THE PROBLEM:
From the data below, repeat everything exactly except the images.

*** Opening of RECORDS FOR THIS EXERCISE ***

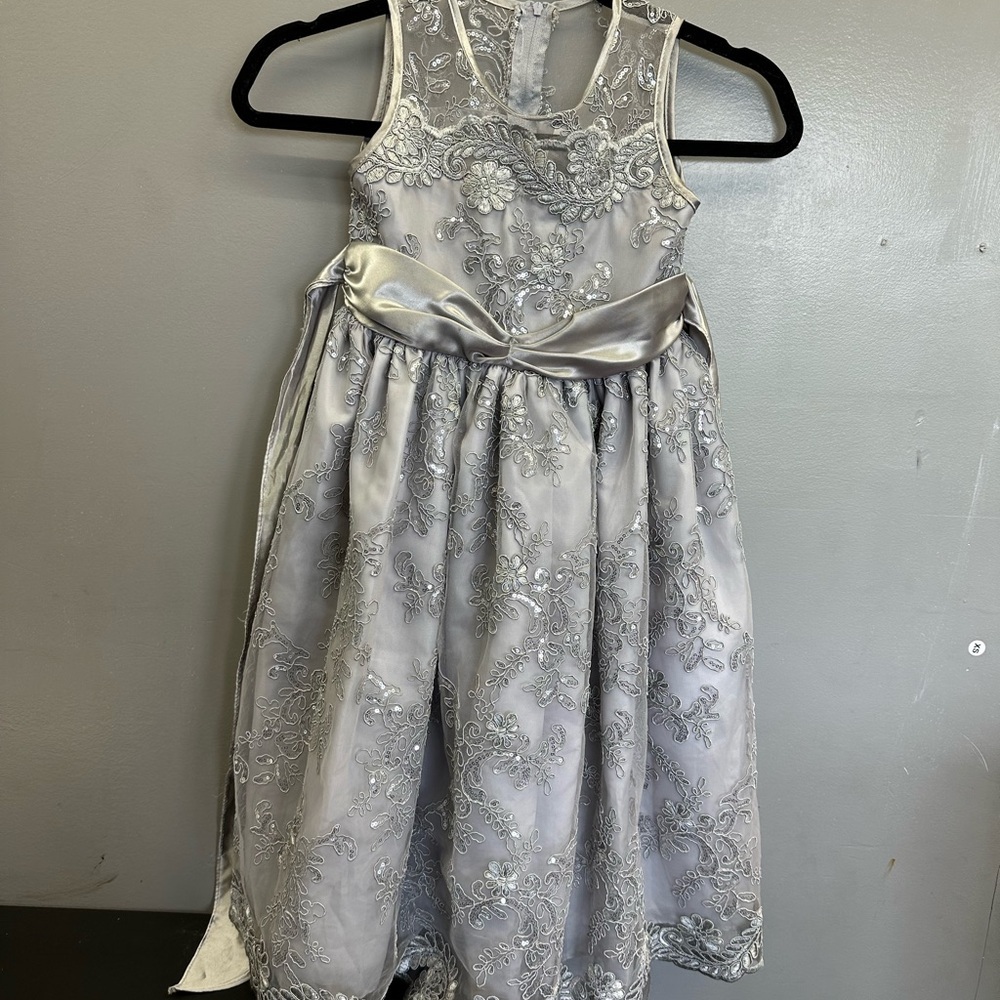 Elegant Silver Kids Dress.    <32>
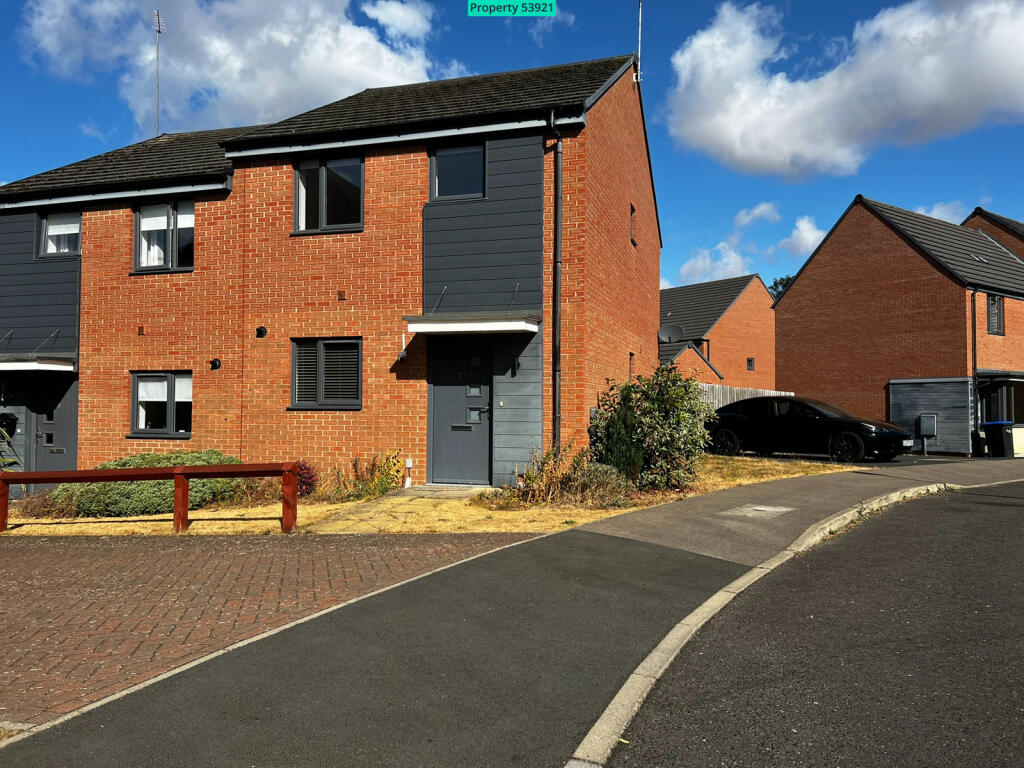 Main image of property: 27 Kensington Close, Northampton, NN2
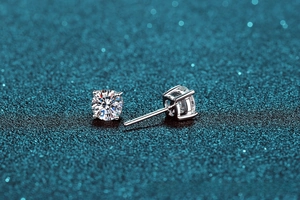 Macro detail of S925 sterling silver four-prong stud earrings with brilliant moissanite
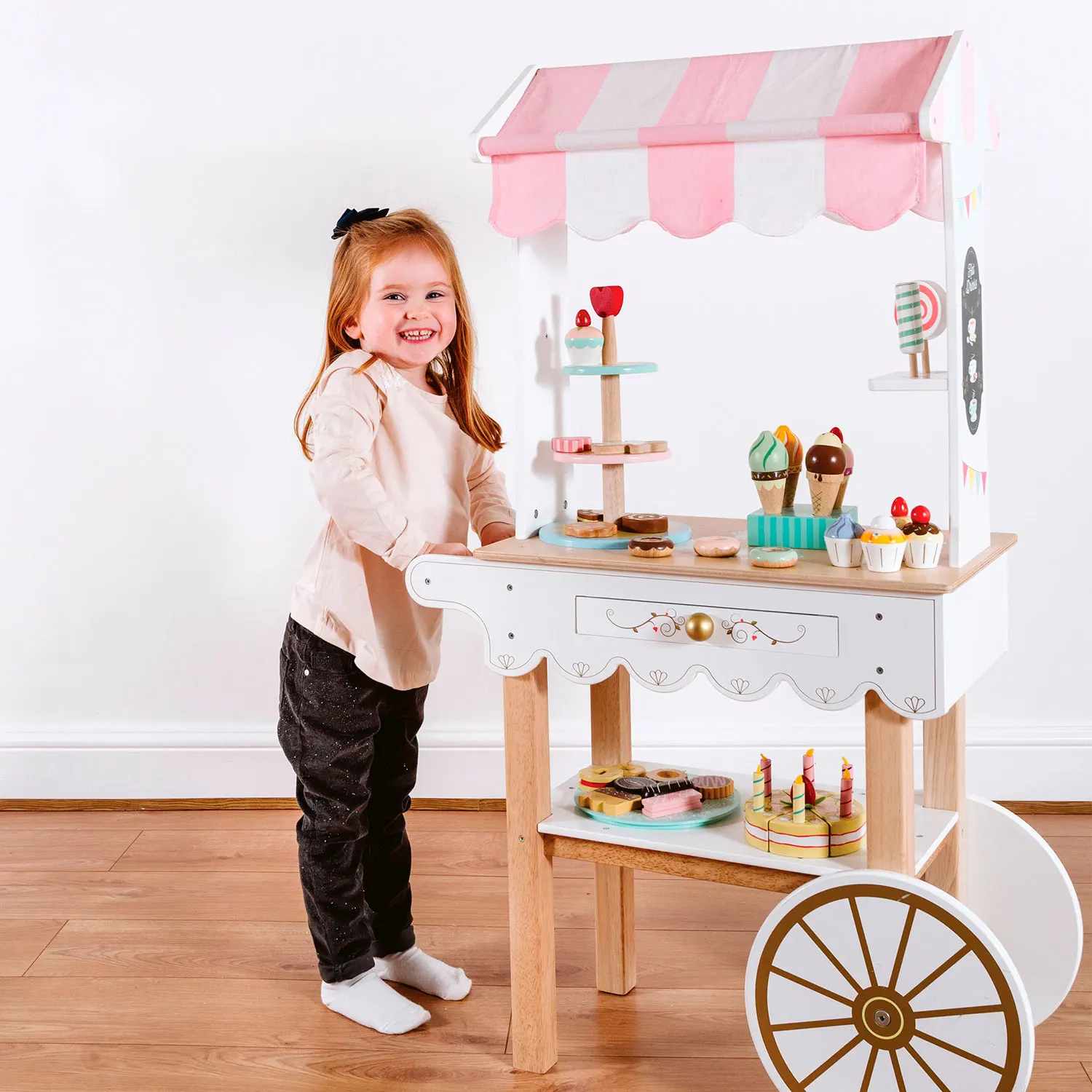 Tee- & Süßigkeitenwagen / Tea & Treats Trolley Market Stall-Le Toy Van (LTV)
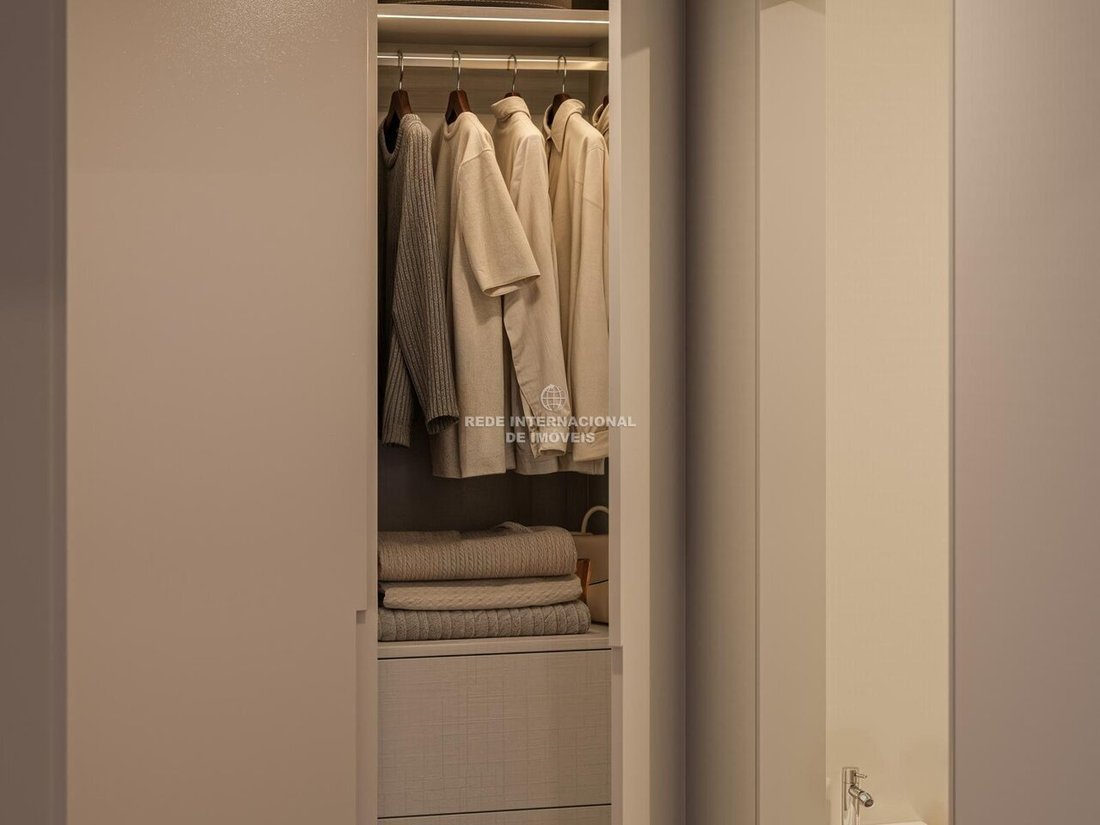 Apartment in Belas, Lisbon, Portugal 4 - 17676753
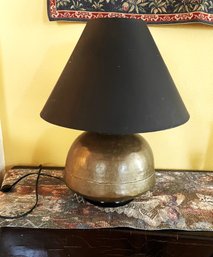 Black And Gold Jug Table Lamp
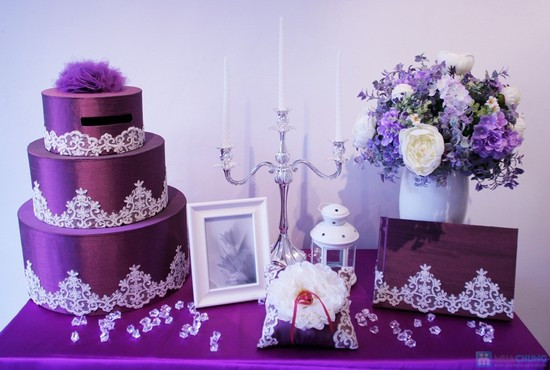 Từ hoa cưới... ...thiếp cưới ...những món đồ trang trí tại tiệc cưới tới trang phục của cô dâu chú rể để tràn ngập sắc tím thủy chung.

*** Close of RECORDS FOR THIS EXERCISE ***

RESPONSE TO THIS EXERCISE:
 Elegant Silver Kids Dress.    <32>
 Main image of property: 27 Kensington Close, Northampton, NN2
 Macro detail of S925 sterling silver four-prong stud earrings with brilliant moissanite
 Tee- & Süßigkeitenwagen / Tea & Treats Trolley Market Stall-Le Toy Van (LTV)
 Apartment in Belas, Lisbon, Portugal 4 - 17676753
 Black And Gold Jug Table Lamp
 Từ hoa cưới... ...thiếp cưới ...những món đồ trang trí tại tiệc cưới tới trang phục của cô dâu chú rể để tràn ngập sắc tím thủy chung.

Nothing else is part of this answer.